**EXTRACTED MATERIAL**
--------------------

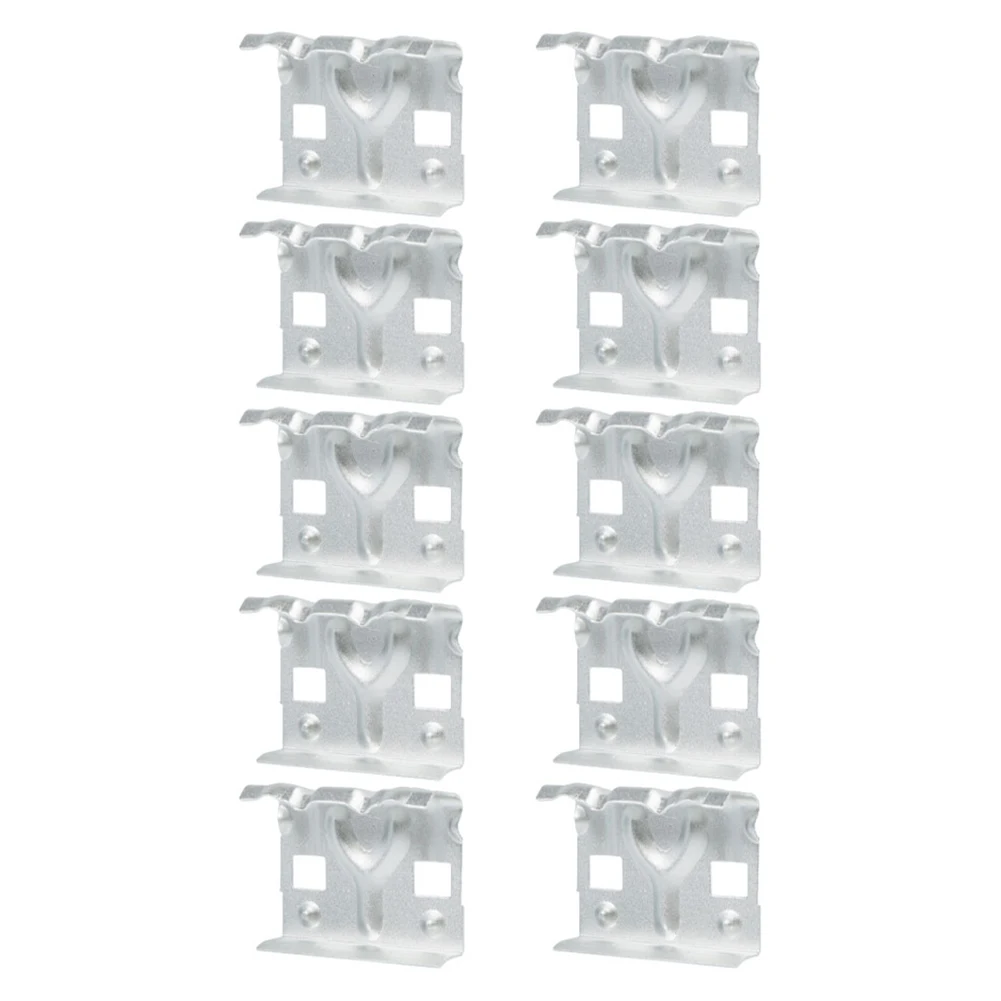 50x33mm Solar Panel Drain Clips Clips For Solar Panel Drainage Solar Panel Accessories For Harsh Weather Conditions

--------------------

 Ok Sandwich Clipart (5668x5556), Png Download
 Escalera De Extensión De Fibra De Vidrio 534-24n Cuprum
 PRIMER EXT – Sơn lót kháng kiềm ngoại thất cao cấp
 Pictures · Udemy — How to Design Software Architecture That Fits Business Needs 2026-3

--------------------

**AIM OF THE TASK**
In the data above, find the line that contains "Escalera De Extensión" and the line that contains "Pictures · Udemy". Repeat exactly those lines and every line between them, and only those.

**COMPLETED EXERCISE**
 Escalera De Extensión De Fibra De Vidrio 534-24n Cuprum
 PRIMER EXT – Sơn lót kháng kiềm ngoại thất cao cấp
 Pictures · Udemy — How to Design Software Architecture That Fits Business Needs 2026-3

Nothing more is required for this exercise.